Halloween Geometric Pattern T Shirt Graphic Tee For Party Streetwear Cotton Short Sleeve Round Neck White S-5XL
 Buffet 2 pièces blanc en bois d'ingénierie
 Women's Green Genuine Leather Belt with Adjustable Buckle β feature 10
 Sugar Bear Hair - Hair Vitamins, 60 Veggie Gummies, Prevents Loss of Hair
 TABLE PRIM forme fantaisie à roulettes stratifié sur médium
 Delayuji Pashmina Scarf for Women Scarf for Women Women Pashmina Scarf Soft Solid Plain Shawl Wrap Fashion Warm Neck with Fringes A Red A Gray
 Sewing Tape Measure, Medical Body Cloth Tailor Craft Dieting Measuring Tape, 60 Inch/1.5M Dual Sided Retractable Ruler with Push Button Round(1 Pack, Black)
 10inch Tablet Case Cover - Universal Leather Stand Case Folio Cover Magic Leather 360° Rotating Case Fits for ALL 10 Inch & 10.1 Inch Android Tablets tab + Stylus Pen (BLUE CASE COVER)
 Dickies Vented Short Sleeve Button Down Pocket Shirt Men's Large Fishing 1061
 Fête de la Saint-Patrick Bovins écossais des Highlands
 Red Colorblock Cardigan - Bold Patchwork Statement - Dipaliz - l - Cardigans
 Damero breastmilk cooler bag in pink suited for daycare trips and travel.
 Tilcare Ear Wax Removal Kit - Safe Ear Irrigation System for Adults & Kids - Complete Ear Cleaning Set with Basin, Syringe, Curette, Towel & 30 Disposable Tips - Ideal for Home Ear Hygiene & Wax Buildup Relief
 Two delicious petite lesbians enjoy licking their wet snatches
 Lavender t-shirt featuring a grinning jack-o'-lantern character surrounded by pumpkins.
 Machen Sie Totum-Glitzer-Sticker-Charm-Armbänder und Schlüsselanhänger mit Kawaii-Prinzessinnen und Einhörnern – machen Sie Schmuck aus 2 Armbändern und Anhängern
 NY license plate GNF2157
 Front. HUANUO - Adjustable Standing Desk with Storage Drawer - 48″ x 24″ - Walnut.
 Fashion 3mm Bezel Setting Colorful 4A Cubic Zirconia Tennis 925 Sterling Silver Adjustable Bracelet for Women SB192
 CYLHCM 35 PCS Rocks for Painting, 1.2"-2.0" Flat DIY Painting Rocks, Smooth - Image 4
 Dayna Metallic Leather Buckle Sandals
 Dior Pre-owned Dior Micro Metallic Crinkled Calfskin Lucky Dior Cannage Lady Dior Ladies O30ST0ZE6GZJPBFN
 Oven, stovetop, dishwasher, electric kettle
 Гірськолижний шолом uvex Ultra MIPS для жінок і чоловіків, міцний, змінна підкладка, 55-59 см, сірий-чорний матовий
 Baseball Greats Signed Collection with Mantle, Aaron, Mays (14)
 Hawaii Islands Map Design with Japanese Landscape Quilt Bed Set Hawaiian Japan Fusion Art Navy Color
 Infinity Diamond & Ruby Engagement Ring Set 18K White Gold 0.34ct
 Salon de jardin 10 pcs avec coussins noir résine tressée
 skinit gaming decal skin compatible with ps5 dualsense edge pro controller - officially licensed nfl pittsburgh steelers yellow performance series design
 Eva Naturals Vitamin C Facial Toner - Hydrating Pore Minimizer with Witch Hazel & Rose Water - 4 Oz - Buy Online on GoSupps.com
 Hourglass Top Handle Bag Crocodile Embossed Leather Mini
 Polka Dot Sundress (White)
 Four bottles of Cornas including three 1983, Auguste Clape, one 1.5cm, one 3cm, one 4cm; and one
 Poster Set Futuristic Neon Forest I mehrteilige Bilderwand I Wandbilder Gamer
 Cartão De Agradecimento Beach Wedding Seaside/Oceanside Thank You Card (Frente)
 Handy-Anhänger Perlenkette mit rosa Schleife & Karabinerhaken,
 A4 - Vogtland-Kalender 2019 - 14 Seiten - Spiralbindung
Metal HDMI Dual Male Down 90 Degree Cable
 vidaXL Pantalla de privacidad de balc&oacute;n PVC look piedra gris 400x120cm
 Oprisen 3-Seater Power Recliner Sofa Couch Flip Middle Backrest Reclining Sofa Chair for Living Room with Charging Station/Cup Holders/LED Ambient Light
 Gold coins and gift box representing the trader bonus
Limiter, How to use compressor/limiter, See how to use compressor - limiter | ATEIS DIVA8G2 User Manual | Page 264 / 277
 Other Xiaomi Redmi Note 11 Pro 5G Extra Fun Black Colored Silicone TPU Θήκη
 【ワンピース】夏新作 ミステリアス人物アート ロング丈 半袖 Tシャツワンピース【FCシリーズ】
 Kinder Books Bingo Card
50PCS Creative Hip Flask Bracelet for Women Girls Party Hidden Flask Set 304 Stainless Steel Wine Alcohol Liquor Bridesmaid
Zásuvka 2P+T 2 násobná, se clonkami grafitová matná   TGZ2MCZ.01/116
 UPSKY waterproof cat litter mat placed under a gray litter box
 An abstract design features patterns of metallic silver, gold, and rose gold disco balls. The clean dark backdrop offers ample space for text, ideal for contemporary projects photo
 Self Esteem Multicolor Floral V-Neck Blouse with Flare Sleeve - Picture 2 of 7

## TASK BRIEF
The line containing "Delayuji Pashmina Scarf" marks the end. Please print exactly every line from the top of the data to it, both included, and nothing more.

## RESULT FOR THIS TASK
Halloween Geometric Pattern T Shirt Graphic Tee For Party Streetwear Cotton Short Sleeve Round Neck White S-5XL
 Buffet 2 pièces blanc en bois d'ingénierie
 Women's Green Genuine Leather Belt with Adjustable Buckle β feature 10
 Sugar Bear Hair - Hair Vitamins, 60 Veggie Gummies, Prevents Loss of Hair
 TABLE PRIM forme fantaisie à roulettes stratifié sur médium
 Delayuji Pashmina Scarf for Women Scarf for Women Women Pashmina Scarf Soft Solid Plain Shawl Wrap Fashion Warm Neck with Fringes A Red A Gray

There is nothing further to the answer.